Il pozzo e il pendolo
Il pozzo e il pendolo (The Pit and the Pendulum) è un racconto breve scritto da Edgar Allan Poe e pubblicato per la prima volta nel 1842.
La storia ha un notevole effetto nell’ispirare paura nel lettore, a causa della particolare attenzione dedicata alle percezioni sensoriali, come il suono, che ne enfatizzano il realismo. Ciò rappresenta un elemento di discontinuità con le altre storie di Poe, che spesso fanno uso di elementi soprannaturali.
La storia narra delle torture subite da un prigioniero dell’Inquisizione spagnola. Il narratore della storia è ritenuto responsabile di crimini non specificati e rinchiuso in una cella completamente buia e scivolosa. Nel tentativo di determinare le dimensioni della stanza e data la profonda quanto opprimente oscurità della stessa inciampa e cade riconoscendo di essere scampato ad una fine terribile, ovvero la caduta all’interno di un pozzo, collocato al centro della cella, dalla profondità sconosciuta.
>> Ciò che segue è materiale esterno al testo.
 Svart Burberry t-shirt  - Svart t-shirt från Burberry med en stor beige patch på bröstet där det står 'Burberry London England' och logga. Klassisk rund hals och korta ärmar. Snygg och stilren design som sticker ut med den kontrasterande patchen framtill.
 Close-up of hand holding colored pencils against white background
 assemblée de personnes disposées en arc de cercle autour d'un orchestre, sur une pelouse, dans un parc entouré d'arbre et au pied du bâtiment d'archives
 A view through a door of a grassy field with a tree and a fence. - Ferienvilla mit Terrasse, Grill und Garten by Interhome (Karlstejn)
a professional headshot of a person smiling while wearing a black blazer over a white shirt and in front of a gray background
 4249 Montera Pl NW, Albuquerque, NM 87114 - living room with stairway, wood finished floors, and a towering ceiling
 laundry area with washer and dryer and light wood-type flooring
Al suo risveglio riceve del cibo drogato, perdendo conoscenza. Si risveglia sdraiato su un basso telaio di legno, legato completamente dai piedi fino alla testa, circondato dai topi e fornito di poca carne speziata, per sfamarsi e acuire la sua sete. Dopo molto tempo si rende conto che una grande lama tagliente a forma di pendolo è sospesa sopra di lui: il suo movimento sempre più rapido e inesorabile è tale da fargli presagire che presto sarà prossima a tagliargli il petto.
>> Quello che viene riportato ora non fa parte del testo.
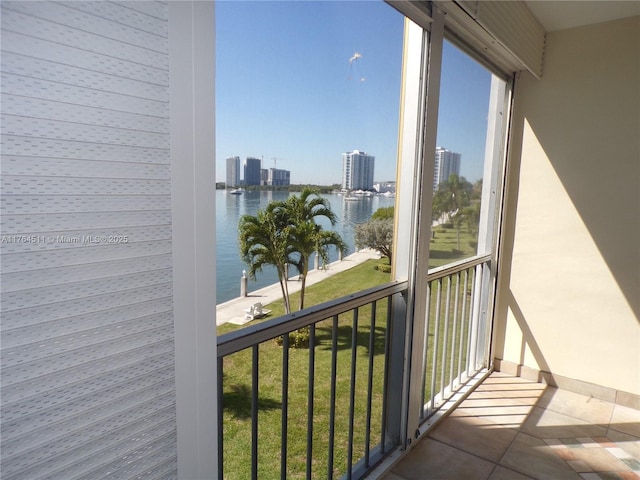 balcony featuring a view of city and a water view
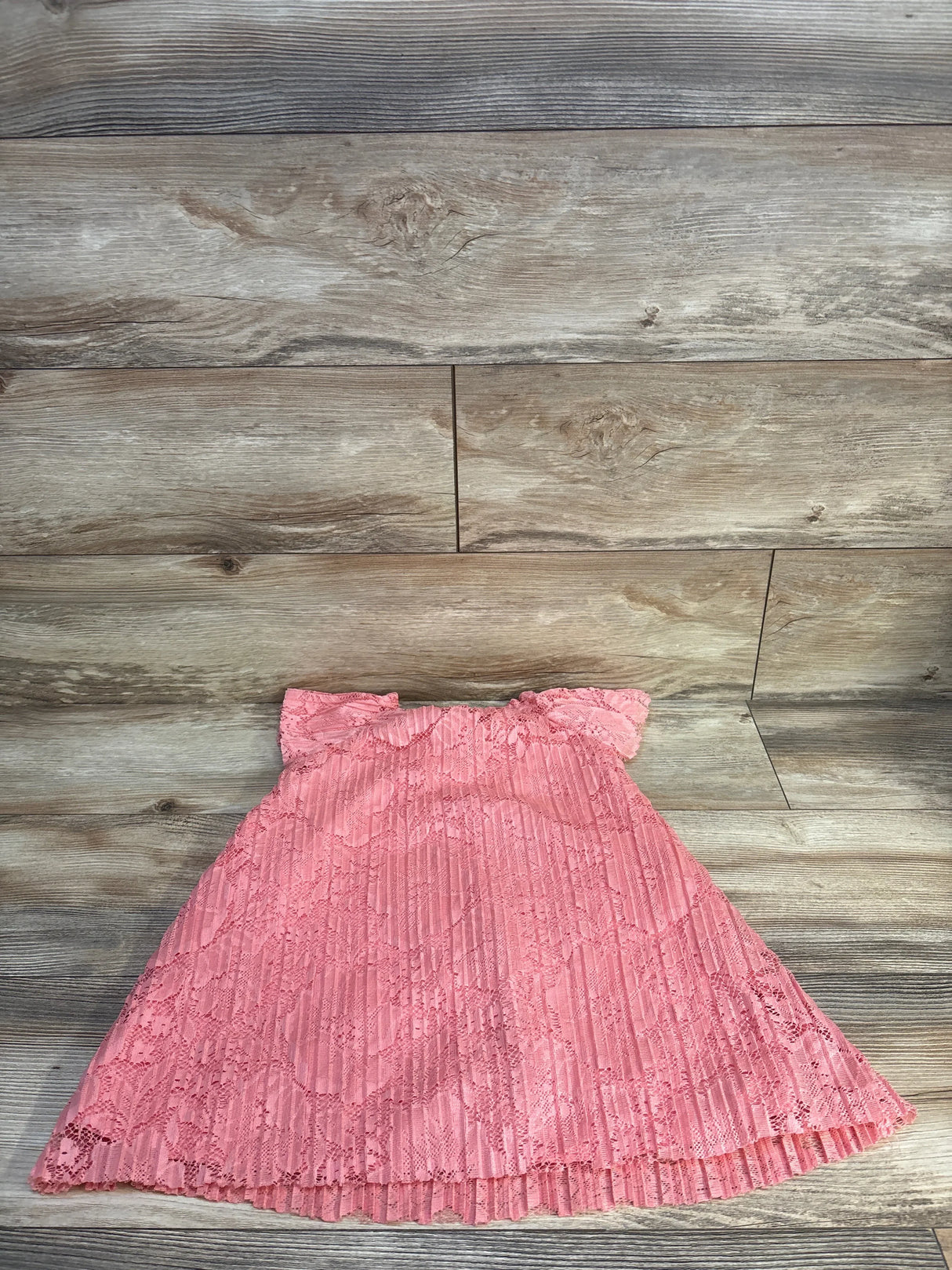 Pink lace baby dress with ruffled sleeves and pleated skirt on wood floor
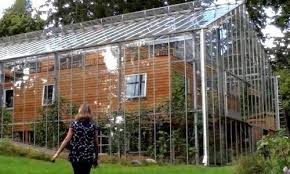 couple builds greenhouse around home to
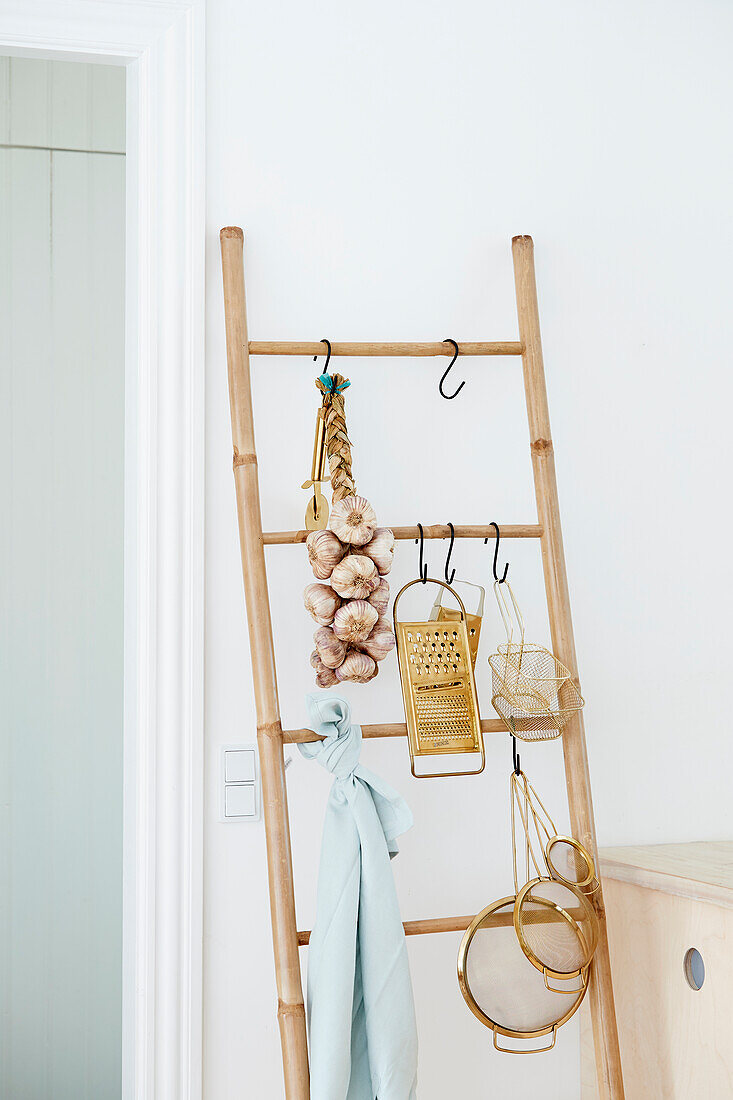 Garlic braid and kitchen utensils hanging from bamboo ladder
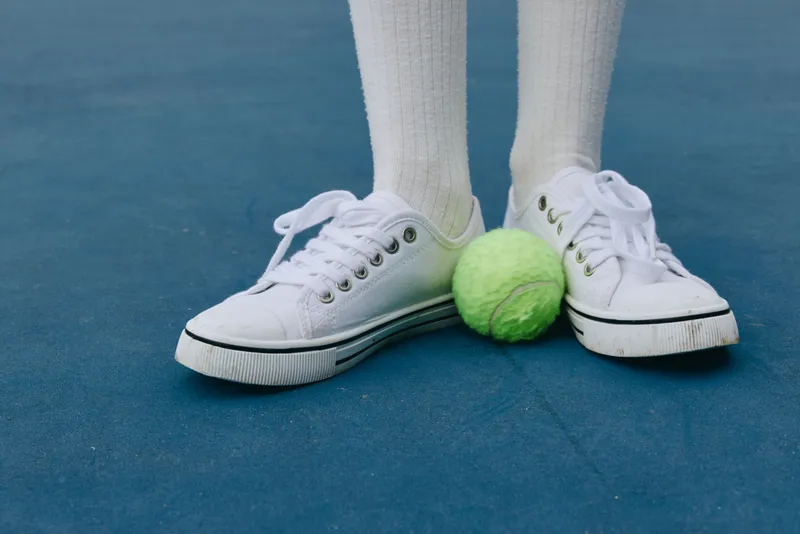 A young athlete standing on a blue tennis court with a green tennis ball, wearing white sneakers and socks, showcasing a passion for sports and healthy lifestyle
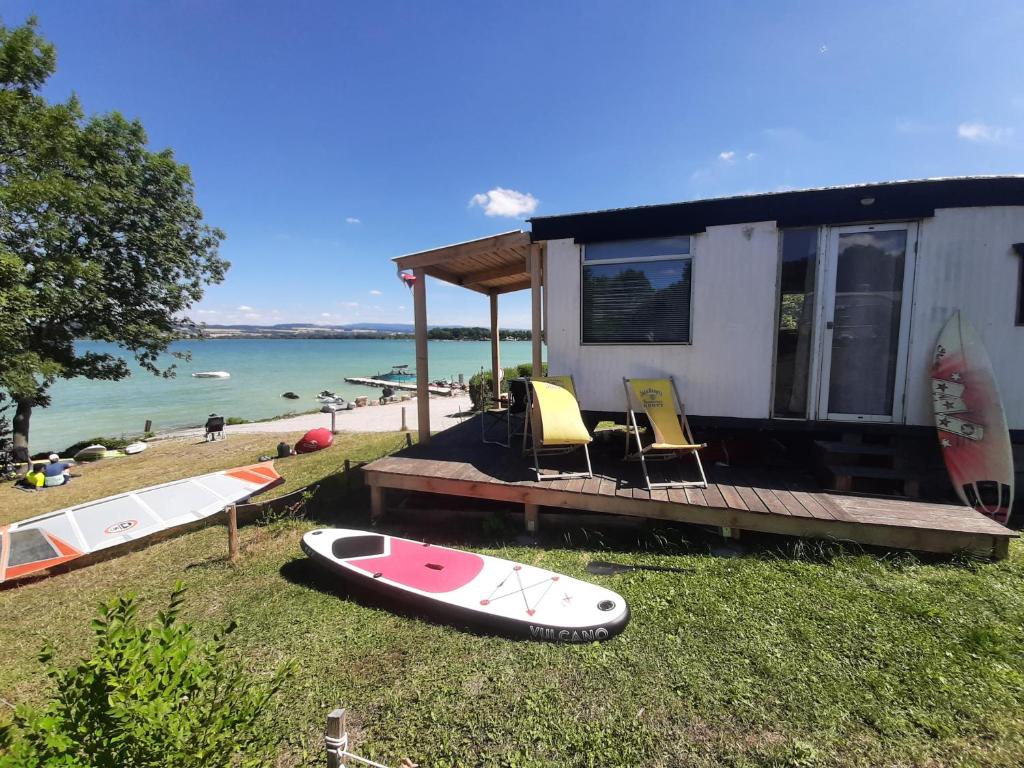 Velká JeseniceRozkoš beach mobilheim的水边草地上有两个冲浪板的房子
Anche questa volta riesce a liberarsi, intingendo i legami che lo bloccano con della carne; i topi affamati rosicchiano le corde che si spezzano un attimo prima che il pendolo gli trapassi il cuore; purtroppo si ferisce comunque. I muri della prigione divengono però incandescenti e cominciano a muoversi e a schiacciarsi intorno al pozzo centrale per farcelo precipitare. Tuttavia la storia finisce con la salvezza del protagonista da parte dei francesi: il generale Lasalle, infatti, riesce a prendere il prigioniero un attimo prima che quest’ultimo cada nel pozzo.
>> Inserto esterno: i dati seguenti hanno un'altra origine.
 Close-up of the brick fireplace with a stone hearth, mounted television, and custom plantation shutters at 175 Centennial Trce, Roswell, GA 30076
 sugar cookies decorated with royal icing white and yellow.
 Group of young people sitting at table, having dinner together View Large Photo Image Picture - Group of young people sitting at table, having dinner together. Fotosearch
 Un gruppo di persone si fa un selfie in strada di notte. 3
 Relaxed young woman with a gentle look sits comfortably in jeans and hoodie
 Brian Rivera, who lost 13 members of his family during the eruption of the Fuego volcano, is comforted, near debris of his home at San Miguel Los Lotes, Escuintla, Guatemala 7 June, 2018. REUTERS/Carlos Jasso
Note biografiche tratte e riassunte da Wikipedia
https://it.wikipedia.org/wiki/Il_pozzo_e_il_pendolo_(racconto)
Dall’incipit del libro:
Ero affranto, stremato di angoscia mortale per quella lunga agonia; e quando finalmente mi sciolsero e potei sedermi, sentii che perdevo i sensi. La sentenza – la terribile sentenza di morte – fu l’ultimo degli accenti distinti che mi giunse alle orecchie. Dopo, il suono delle voci degli inquisitori parve perdersi in un ronzio indefinito di sogno. Quel suono destava in me l’idea di una rotazione, probabilmente perché nell’immaginazione si associava al ritmo di una macina da mulino. Ma tutto questo non durò che poco; ben presto non udii più. Tuttavia per qualche tempo ancora, vidi, ma con quale terribile esagerazione!… Vidi le labbra dei giudici vestiti di nero. Mi parevano bianche, più bianche del foglio sul quale ora traccio queste parole; e sottili, sottili sino al grottesco, sottili per l’intensità della loro espressione di durezza, di risoluzione irrevocabile, di severo disprezzo del dolore umano. E vidi uscir da quelle labbra i decreti di quel che per me rappresentava il destino. Le vidi torcersi in una allocuzione mortale. Le vidi formare le sillabe del mio nome, e rabbrividii non udendo il suono seguire il movimento. Vidi anche, per alcuni deliranti attimi d’orrore, la molle e quasi impercettibile ondulazione dei drappi neri che ricoprivano le mura della sala. Allora i miei occhi caddero sui sette grandi candelabri posati sulla tavola.